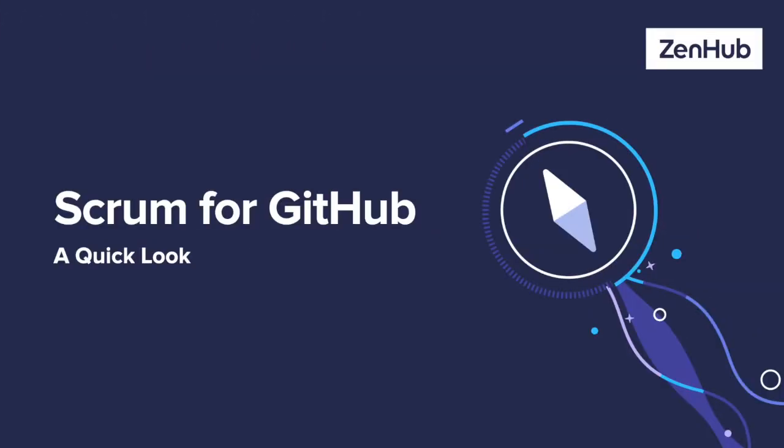Hey everyone, George from Zenhub here. This video takes a quick look at Scrum for GitHub.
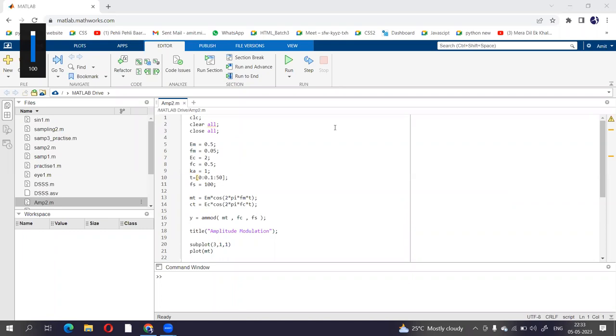Hello everyone. Today we are going to perform amplitude modulation in MATLAB. So let's start with the practical.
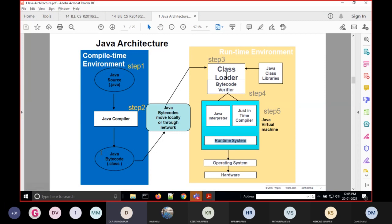The bytecode can run on any machine. If you create a Java source code in Windows, you can execute that Java bytecode on Windows OS as well as on Linux, Mac OS, etc. The same bytecode can run on any machine. That is why Java is called a platform independent language — create once, run anywhere. If created on one platform, it can execute on many platforms.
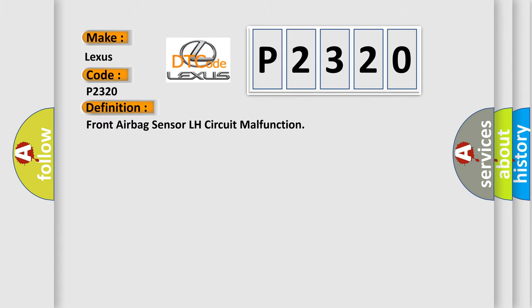Front airbag sensor LH circuit malfunction. And now this is a short description of this DTC code.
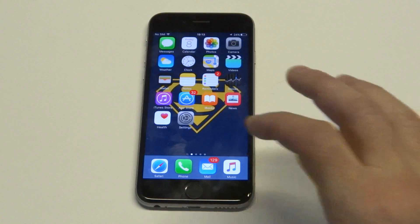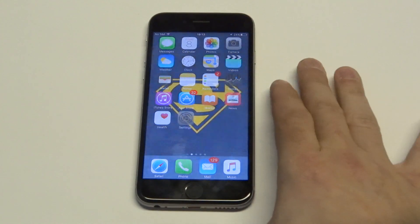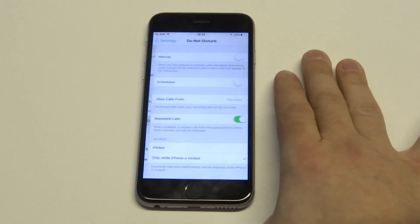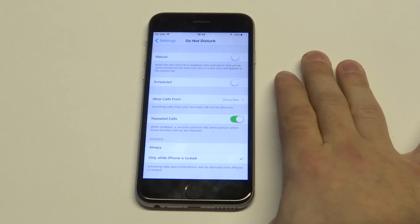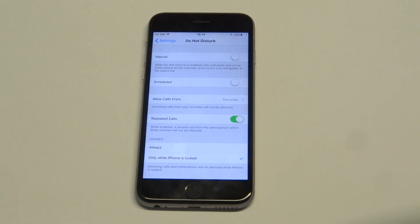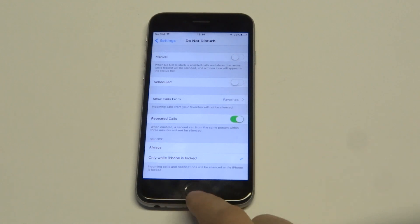Another thing you should check is to make sure the Do Not Disturb option is turned off. Just go into your settings and make sure that it's not turned on, otherwise that could be causing the issue as well.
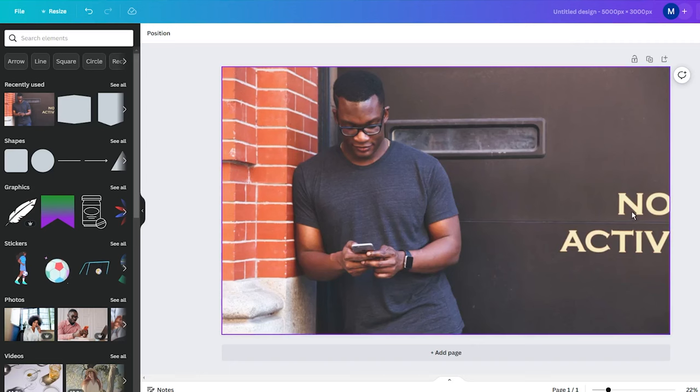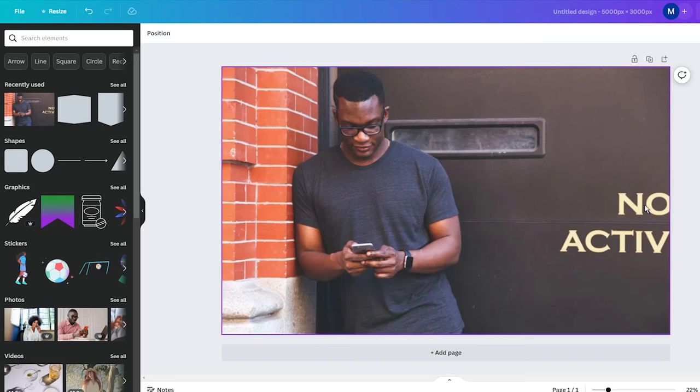It can be frustrating when you take a fantastic photo only to have it ruined by unwanted text on it. While it may happen, it is not a reason to delete the photo. With a few simple steps you can remove the text from the photo.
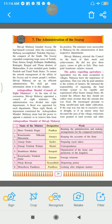An efficient administration means a capable, skillful, and strong system which can smoothly carry out all the affairs of the Swaraj. This way, an efficient administration was set up by Shivaji Maharaj for the welfare of the people. We shall get more information about it in this chapter.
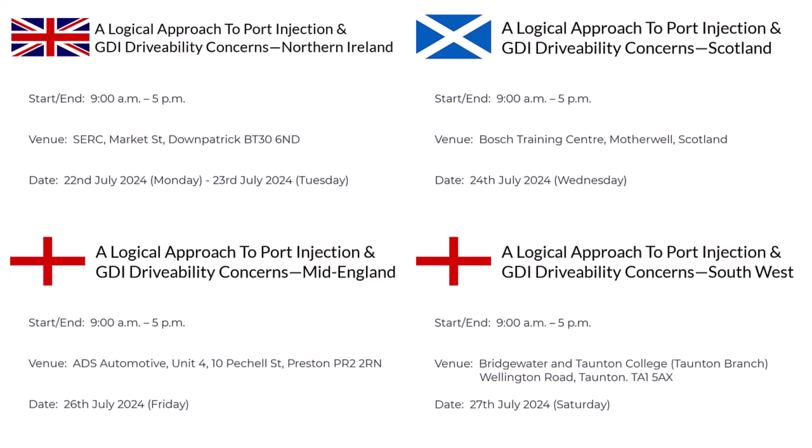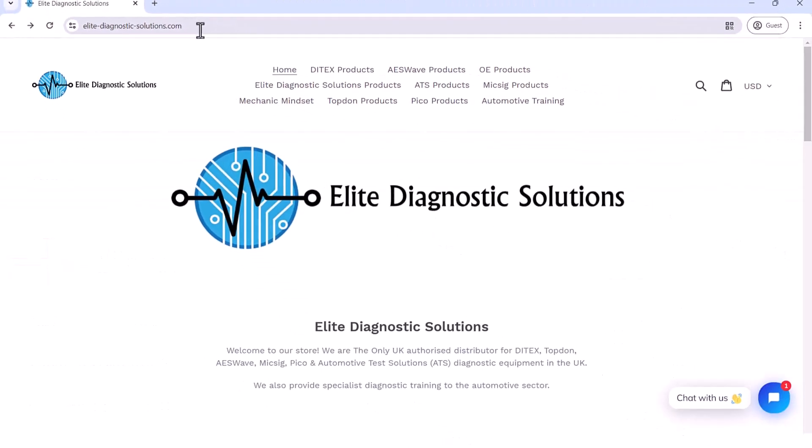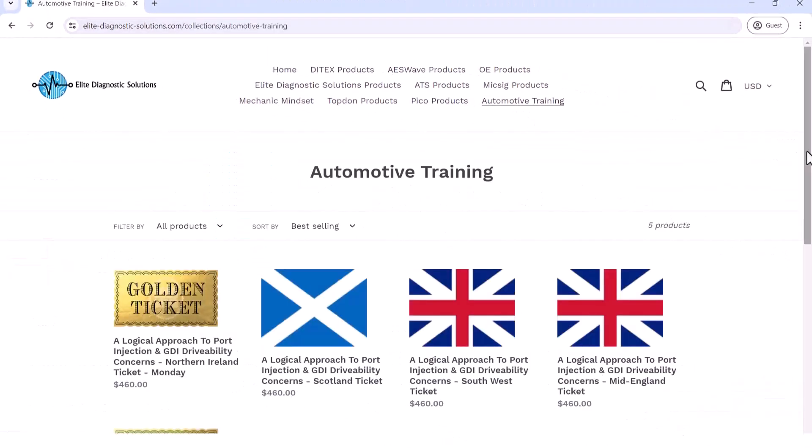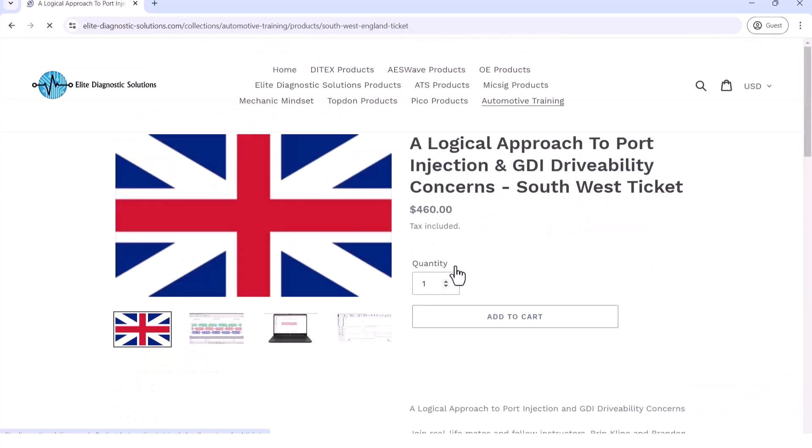It's quite an important topic here in the UK because it won't be long before workshops are flooded with GDI petrol engine management systems, so it's going to be really important to understand what they're looking at. The guys have got a busy week — I'll put the dates up on the screen. If you want to join the session, head over to EliteDiagnosticSolutions.com, select the event you want to attend, check out, and the guys will see you there.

- [Activity]: Output every entry exactly. Pictures stay out.

- [Exercise response]:
Hey everyone, George from Zenhub here. This video takes a quick look at Scrum for GitHub.
Hello everyone. Today we are going to perform amplitude modulation in MATLAB. So let's start with the practical.
The bytecode can run on any machine. If you create a Java source code in Windows, you can execute that Java bytecode on Windows OS as well as on Linux, Mac OS, etc. The same bytecode can run on any machine. That is why Java is called a platform independent language — create once, run anywhere. If created on one platform, it can execute on many platforms.
Front airbag sensor LH circuit malfunction. And now this is a short description of this DTC code.
Another thing you should check is to make sure the Do Not Disturb option is turned off. Just go into your settings and make sure that it's not turned on, otherwise that could be causing the issue as well.
It can be frustrating when you take a fantastic photo only to have it ruined by unwanted text on it. While it may happen, it is not a reason to delete the photo. With a few simple steps you can remove the text from the photo.
An efficient administration means a capable, skillful, and strong system which can smoothly carry out all the affairs of the Swaraj. This way, an efficient administration was set up by Shivaji Maharaj for the welfare of the people. We shall get more information about it in this chapter.
It's quite an important topic here in the UK because it won't be long before workshops are flooded with GDI petrol engine management systems, so it's going to be really important to understand what they're looking at. The guys have got a busy week — I'll put the dates up on the screen. If you want to join the session, head over to EliteDiagnosticSolutions.com, select the event you want to attend, check out, and the guys will see you there.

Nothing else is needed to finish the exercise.